Sorry to be bearer of bad news, the school do NOT need to grant her leave for these days.

However, to not would be pretty poor on their part.

They may grant unpaid leave - but if they turn the request don and is hen 'sick' they may ask for proof of illness and check with LA on your attendance at the course that day.

Hopefully if she has a good relationship with them, they will be a accommodating as possible. It could jut be due to her asking for leave pretty much at the start of he new year! Schools are incredibly egotistical when it comes to leave etc.


----------



## Mummy DIY Diva (Feb 18, 2012)

Unfortunately we have no rights unlike a pregnancy.  I was a teacher and left due to the issues however if I had fought I am fairly sure I would have won (by taking it very high due to the government focus on adoption)  but I personally didn't want that stress on top of everything else.  

The other thing I would say is that she will only be entitled to statutory adoption pay £136 a week not the maternity package.  Sorry I am afraid council employees wanting to adopt are treated very poorly.  The government are looking to readdress this but it won't come in till 2015 at the earliest.  

There were 2 teachers on my prep course which was 4 days a day a week for a month so it can be done if management choose to be understanding.  I would try a polite conversation saying I really appreciate working here etc  but I want to be a parent and if you don't let me go you are stopping me from being a parent.  People don't tend to look at it like that they think go in half term not realising that courses run when they run not for our bosses convenience. 

I think also compare it to a pregnancy a lot because this is something that connects to their world adoption doesn't. E.g. asking you to delay prep till a holiday is like telling a pregnant woman to have a 15 week scan not a 12 week one because then they won't need time out of work. 

Then perhaps point out if push came to shove they would probably have to back down e.g. if you complain to central HR , write to your MP or go to your union / make a formal employees complaint.  But you don't want to create that bad feeling and make them look like an unsupportive employer because you value them. But this is for your children and you will do anything for your children and your right to be a parent. Good luck I basically chickened out and moved jobs but I am going to be a stay at home Mum so it was easier for me to do that as I wouldn't have been staying anyway x


----------



## Caledonia (Sep 4, 2013)

Does it perhaps depend on the LA then, I wouldn't have thought so but I'm a LA employee in Scotland and our adoption leave policy is exactly the same as maternity. 

Whilst there is no specifics about the pre-adoption certainly post-adoption the payments are the same - 14 weeks 90% Salary then into stat mat pay and leave of up to a year. I know for teachers it is slightly different. 

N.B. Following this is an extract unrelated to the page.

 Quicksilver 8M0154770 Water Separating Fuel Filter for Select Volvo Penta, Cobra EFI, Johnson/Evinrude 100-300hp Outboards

Prep I'm planning on taking as leave and appreciate that isn't doable for a teacher but I would hope they would be sympathetic. Failing that a lot of agencies do evening and weekend courses if your prepared to wait. Not ideal!


----------



## Mummy DIY Diva (Feb 18, 2012)

Sorry I am living in England and what I have stated applies to all councils there Scotland as normal seems to have a much more supportive system. Knew we should have moved north of the boarder


----------



## mafergal (Jul 31, 2013)

Thanks for the replies. The adoption leave pay isn't that much of an issue because she'll be taking the equivalent of paternity so the 2 weeks. My employer have a good adoption leave policy topping up statutory pay and matching their maternity leave policy. 

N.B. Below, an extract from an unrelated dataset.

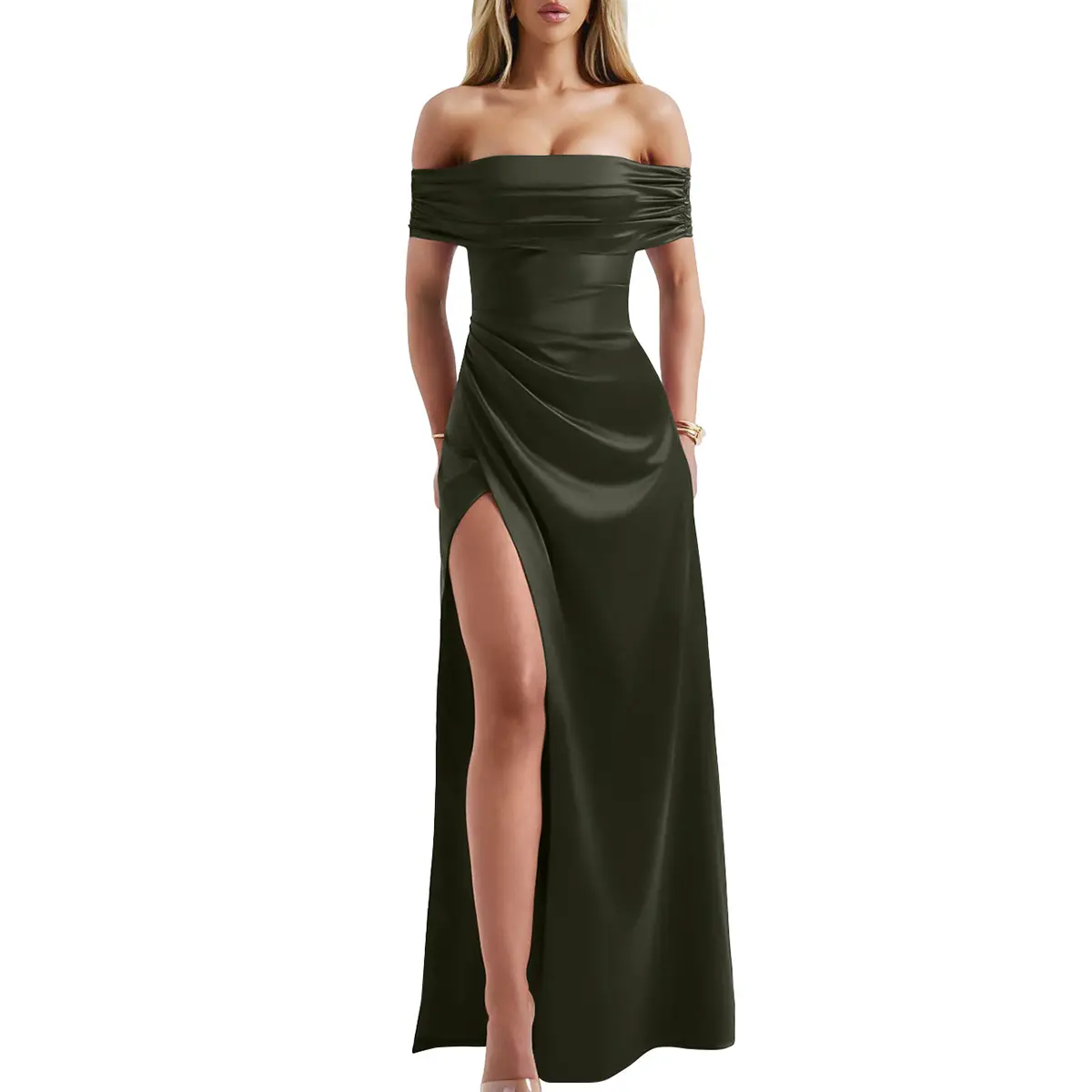 Elegant Off-Shoulder High Slit Maxi Dress – Bodycon Evening & Wedding Guest Dress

It's a big concern and something we will have to bring up in our initial meeting. I know the school have lots of OFSTED things coming up which basically they want her in for, but they only get a day or so notice of a visit so that makes it impossible to plan for/around. I like the idea of writing to the Governors, or booking the dates as unpaid leave if necessary but if the only issue is OFSTED then she'd probably get the same response.  

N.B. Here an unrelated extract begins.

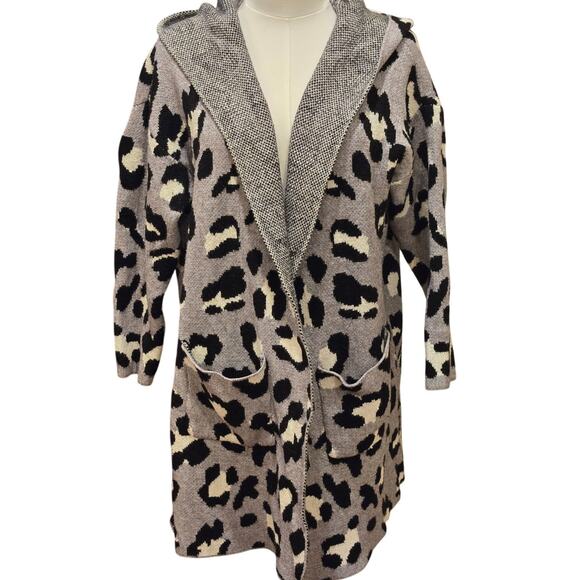Anthropologie FATE Hooded Open Animal Print Cardigan Gray Black Medium Pockets - Picture 1 of 9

She has a good relationship with the school and the head, loves her job and has worked extremely hard to get where she is. It annoys me all the extra hours she works that this could be an issue. Think we're just going to have to pray everything falls into place.


----------



## Mummy DIY Diva (Feb 18, 2012)

This is why I left teaching Ofsted is her bosses problem not hers. That's what the much bigger pay cheque is for she shouldn't be made to feel guilty or responsible for that because she is good at her job. Sorry once you are out of teaching you realise how wrong a lot of the culture is. Really hope her boss steps up and I am glad your employers have proper adoption leave x x


----------



## bluedreams (Oct 18, 2012)

Sorry to hear all of the trouble everyone has had.  I too am a teacher, in secondary school.  I've been really lucky i think after hearing these stories.  

I've been pretty open with the person in HR throughout the entire process and I spoke with them (after getting the support and advice from my union rep first, although this wasn't necessary in the end) and they've been really understanding and accommodating.  They've given me all the flexibility I've needed and are offering the same package as maternity leave for me.

I have heard some others on here get similar treatment too.  I would suggest, if you've a good relationship, just talk to them.


----------



## Joan71 (Jul 16, 2011)

Hi,
I'm also a teacher just starting the adoption process. I'm in England, but am also entitled to the identical package as those on maternity leave. It's set down in my union guidelines so I guess I would complain to them if I was refused it. Re taking time off, I am just planning on speaking to my Head teacher who is very supportive and a big supporter of, "Looked after" children in general. I think most people in education working with young children would fully understand the need for people coming forward to adopt and would be very supportive of the process. I haven't even considered the fact that I might be refused leave. My biggest worry is actually the fact that there is no neat 9 month countdown to maternity leave and I know that I'm going to find it very difficult only giving a few weeks notice and then disappearing off for a year....
Good luck with everything xx


----------